Dgraph does joins. Being a graph database, join is a first-class citizen in Dgraph. It’s optimized for expanding, intersecting and combining results from multiple entity types very fast. In fact, the internal mechanisms are exactly how search engines work.

Dgraph does recursions. Recursion is essentially an edge traversal. Traversing edges is very integral to Dgraph. Expanding out from a node is an O(1) time complexity operation, a look up in hash map, or a single read from disk.

Dgraph supports flexible schema. Dgraph separates storage layer from schema layer. A developer can choose how much schema enforcement they want. Modifying data types do not require data rewrite; and because (the equivalent of) tables are sparse in a graph database, one does not need to fit everything into predefined columns, or deal with NULLs.

Stack Overflow

To put something concrete up for discussion, we’ll see how data gets arranged in SQL and compare that with how it would be arranged in Dgraph. Folks at Stack Exchange generously provide dumps of their data, and the schema that they use run the site over SQL.

We’ll pick the schema that they use to store and serve the data that millions of developers browse through every day, and compare that against how it would be if Dgraph were the underlying database instead of SQL.

Let’s start with the User schema, and see how SQL would compare with Dgraph.

User

SQL Dgraph
Reputation Reputation
CreationDate CreationDate
DisplayName DisplayName
LastAccessDate LastAccessDate
Location Location
AboutMe AboutMe
Age Age
Views Views
UpVotes
DownVotes

Here we have user’s reputation, creation date, display name, last access date, location, about, age (not date of birth?) and views (not tracking every single page access, just a counter). All those are base data, i.e. new and unique data that we must store.

Then, the table has counts of upvotes and downvotes. But, those are being stored elsewhere in Vote table. These fields here are pre-computed counts to avoid doing joins with Vote table when querying for a user.

Dgraph doesn’t need to store these. It can do counts and sorts on them via queries efficiently.

Let’s look at the Versioning and Post table, where most of the action happens. These tables store the questions, answers, tags, ownership, and authorship information.

Versioning

SQL Dgraph
TypeId Type
PostId Post (point to Post)
CreationDate CreationDate
Author Author
Text Text

Post

SQL Dgraph
TypeId Type
ParentId Has.Answer
AcceptedAnswerId Chosen.Answer
Title (duplicate of versioning) Title (point to Version)
Body (duplicate of versioning) Body (point to Version)
Tags (duplicate of versioning) Tags (point to Version)
OwnerUserId Owner (point to User)
Score Score
LastEditorUserId
LastEditDate
LastActivityDate
CommentCount
AnswerCount
FavoriteCount
CreationDate

Version table is pretty straightforward. It stores type, post id, creation date, author, and text. Instead of storing ids, Dgraph creates a relationship from Version to Post.

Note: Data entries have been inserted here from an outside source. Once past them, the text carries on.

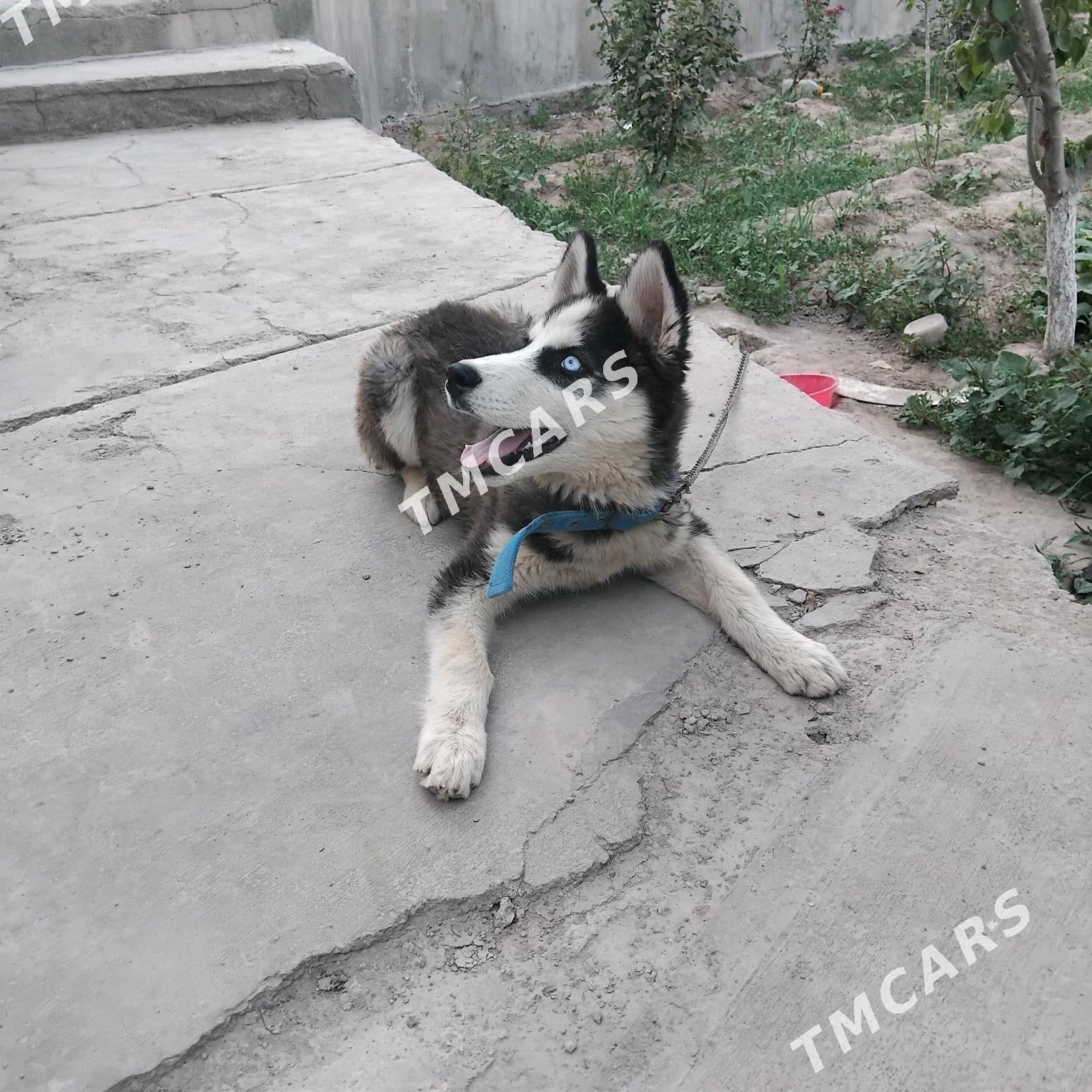 Haski - Дашогуз - img 3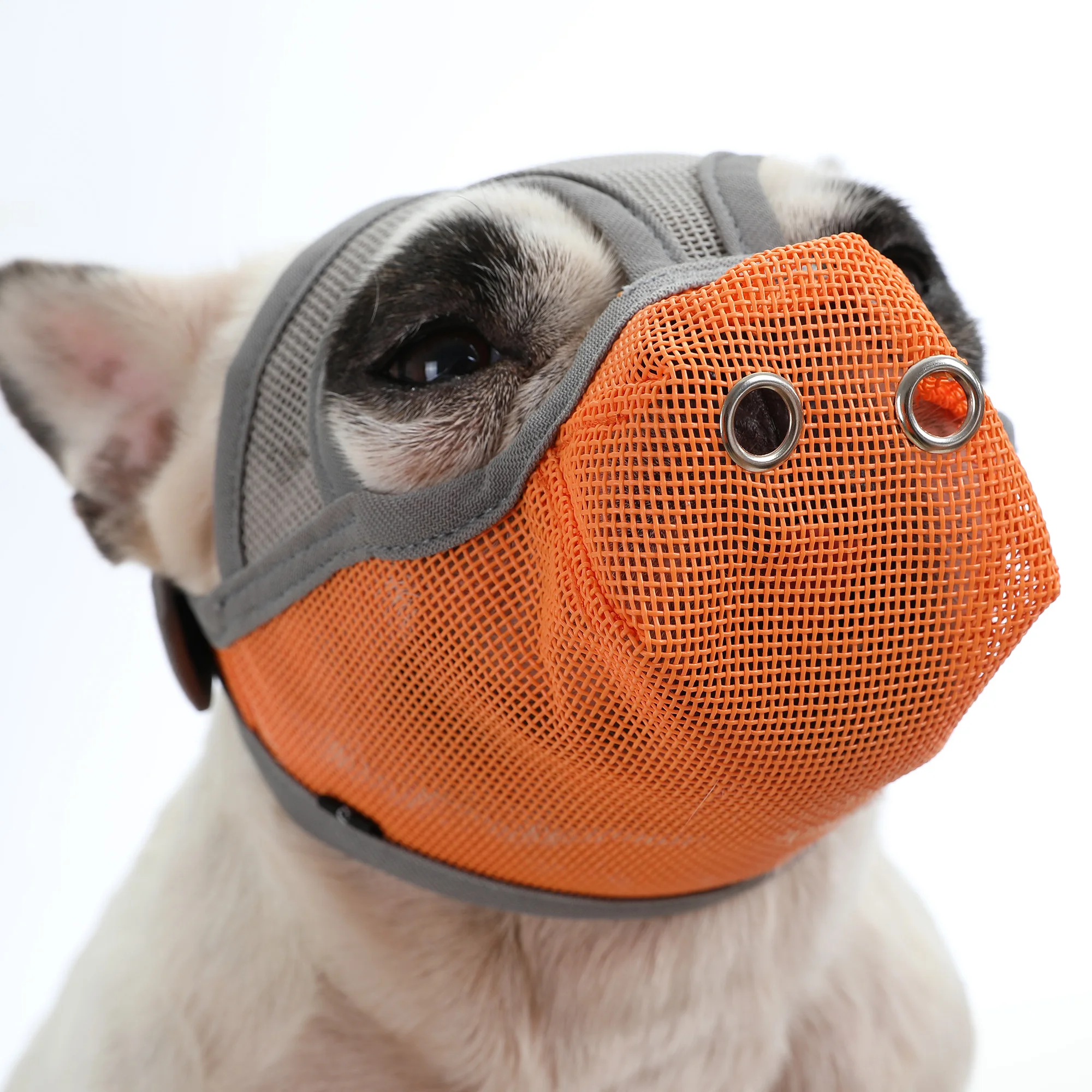 Muzzle for Dog Small Dogs Large Dogs Mesh Pet Dog Muzzle Breathable Mesh for Short Snout Dogs Prevent Biting Barking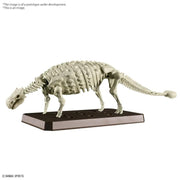 Plannosaurus Ankylosaurus Model Kit -  -  Bandai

Post table is the interesting one, and shows how much data duplication needed to happen to avoid joins. We have the text of title, body, and tags from the latest version stored in this table. In fact, the latest version isn’t even written. Version only gets created when a user modifies the title, body or tags. And because of this requirement to proxy for Version table, Post table stores last editor, last edit date, which would become the author and creation date respectively when moved to Version table.

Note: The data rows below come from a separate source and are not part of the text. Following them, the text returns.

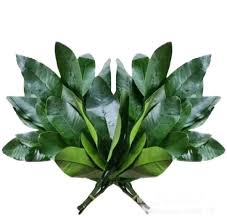 Pomelo Leaf碌柚葉  +/- 100g x 1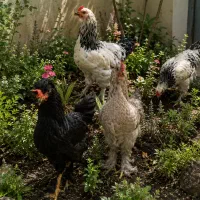 مرغ و خروس برهما پاپر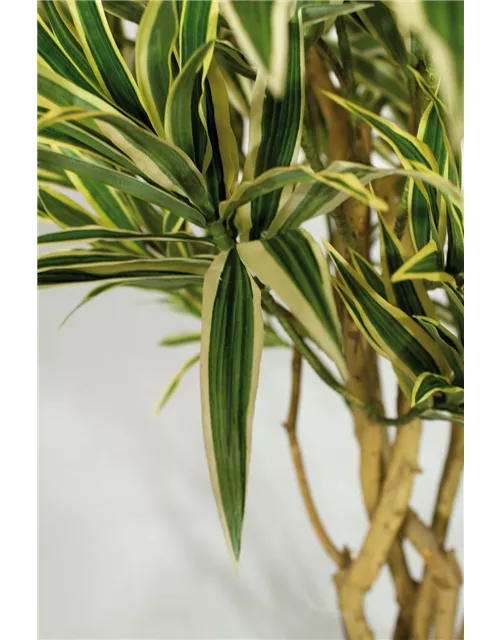 fleur ami DRACAENA REFLEXA Kunstpflanze
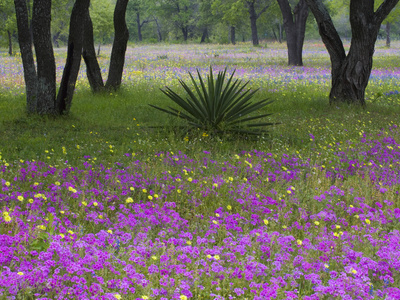 Agave in Field of Texas Blue Bonnets, Phlox and Oak Trees, Devine, Texas, USA Stretched Canvas Print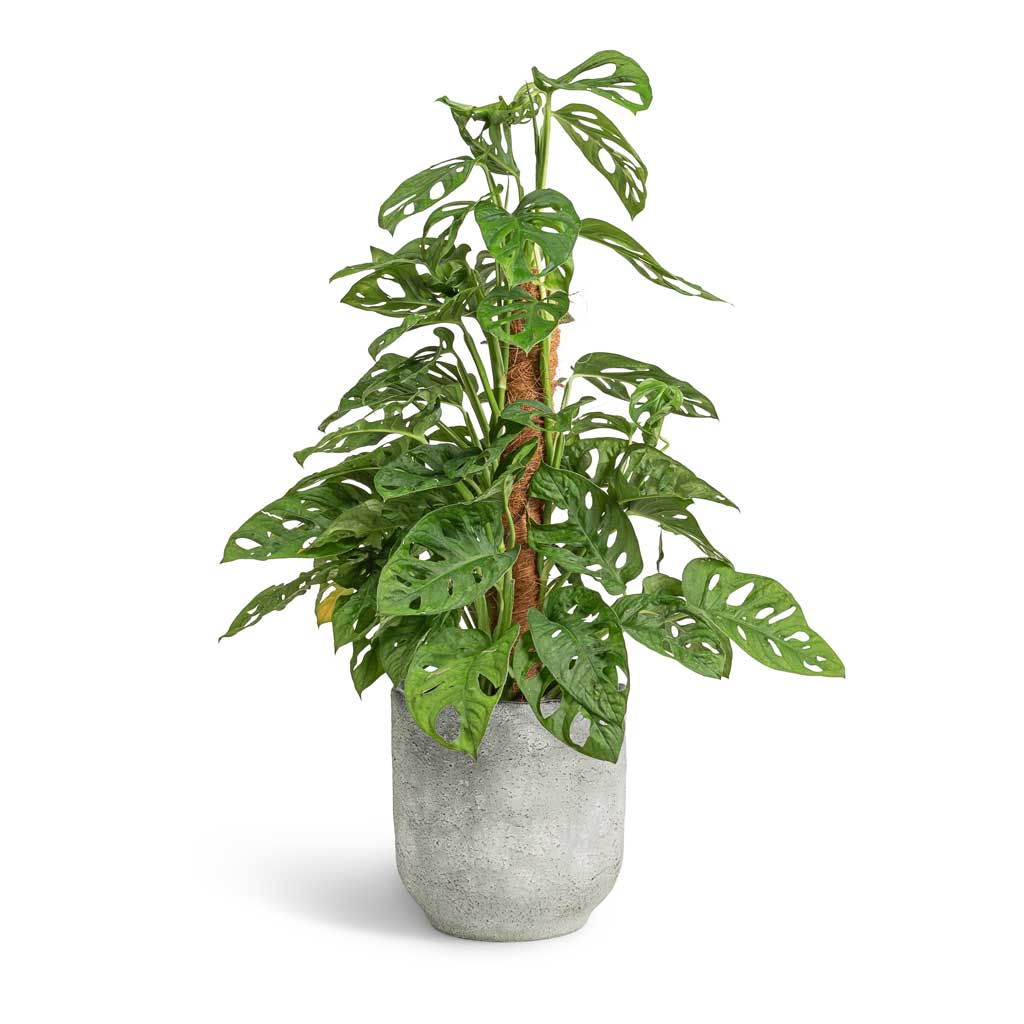Monstera adansonii - Philodendron Monkey Mask - Moss Pole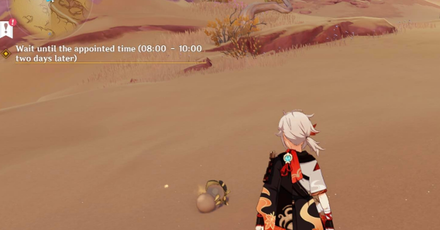 Genshin - Scarab 14 Location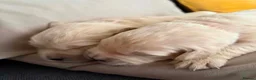 Golden Retriever dogs for sale: BEAUTIFUL KC REG SHOW GOLDEN RETRIEVER PUPPIES - Advert 8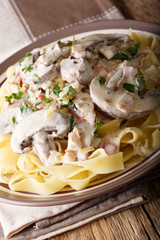 Pasta fettuccini with Boscaiola sauce close-up on a plate. vertical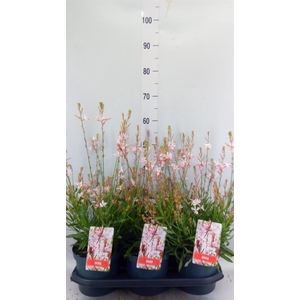 Gaura lindheimeri 'Geyser White'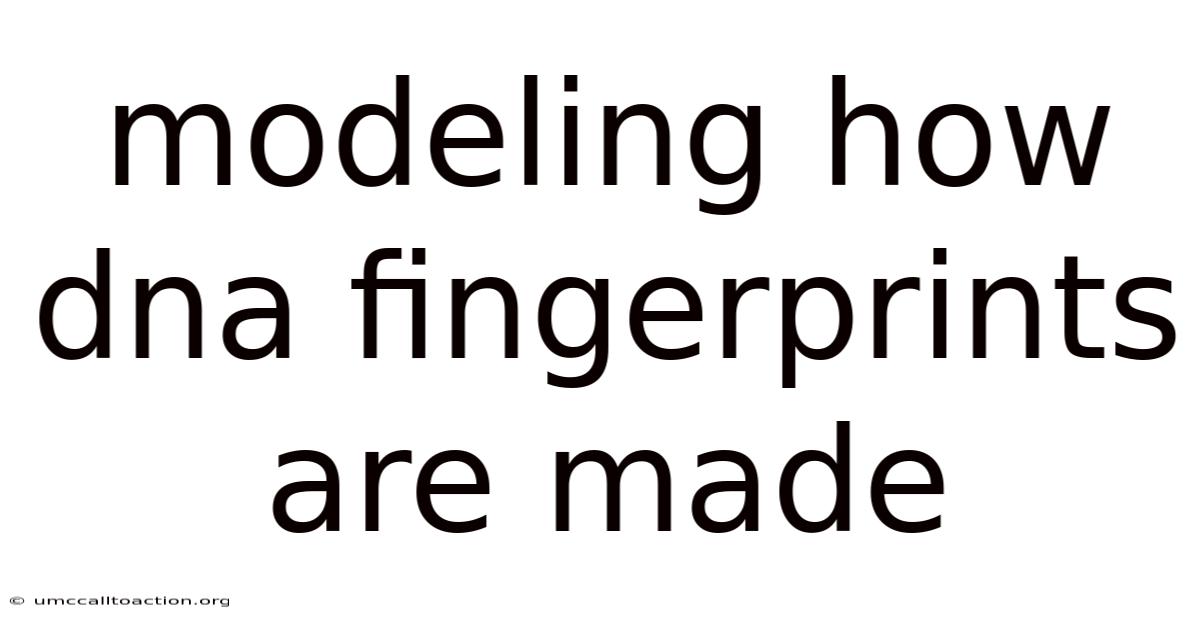 Modeling How Dna Fingerprints Are Made
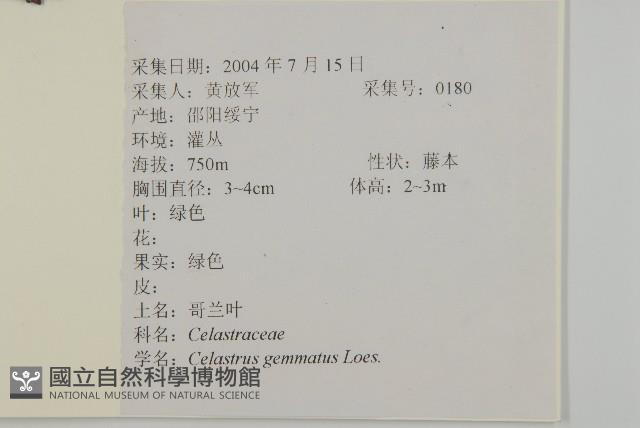 哥蘭葉藏品圖，第2張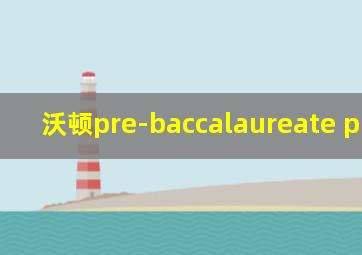 沃顿pre-baccalaureate program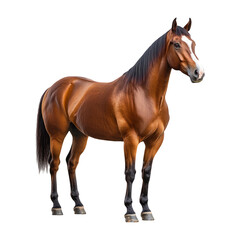 Brown Horse Isolated on Transparent Background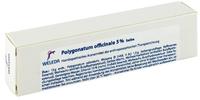 Polygonatum Officinale 5% Salbe 25 g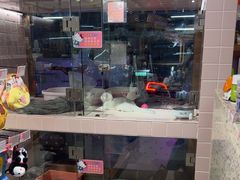 -FAELING PETS美天灵宠物(富力广场店)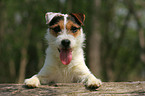 Jack Russell Terrier Portrait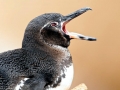Galápagos Penguin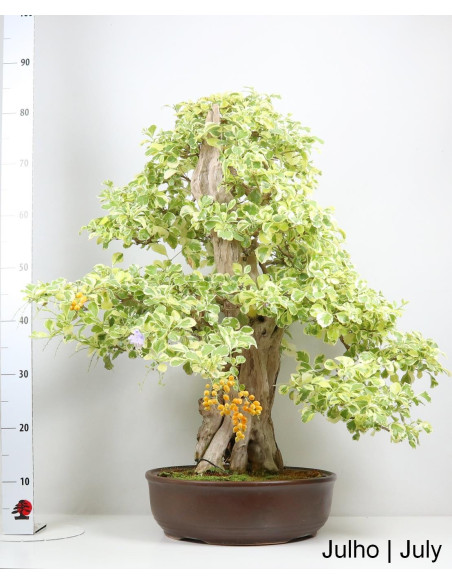 Durantha Repens Variegata Bonsai de 1983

All these fields are unnecessary in Dgraph. Dgraph can directly store an edge to the Version node which contains the text of title and body. We chose to store tags differently. For each tag, we create a node and create an edge between the post and the tag. This allows us to run aggregations over tags, and find the most popular and most related tags easily.

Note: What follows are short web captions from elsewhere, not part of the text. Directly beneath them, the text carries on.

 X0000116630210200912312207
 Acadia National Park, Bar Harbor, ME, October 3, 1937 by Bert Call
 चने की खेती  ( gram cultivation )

Then, we have pre-computed counts of comments, answers, and favorites. Dgraph can generate all this at query time efficiently; using them to do sorting as well. So, they don’t need to be pre-computed in Dgraph.

CreationDate and LastActivityDate are both redundant information, that can be deduced by doing recursion. They form good candidates for optimization later on, but are not needed and hence are not present in Dgraph.

Comment, Vote

SQL Dgraph
PostId (Vote/Comment -> Post) (New edge from Post -> Vote/Comment)
Timestamp Timestamp
Author Author
VoteType (for Vote) Score (for both Vote and Comment)
Text (for Comment) Text (for Comment)

Finally, we have the comment and vote tables. Because SQL doesn’t store lists of things in a single row, you must create another table and point it back to the original row. A post contains comments. But in SQL, it’s the reverse. A comment table row points to the post. This is such a common hack that it’s no longer considered one.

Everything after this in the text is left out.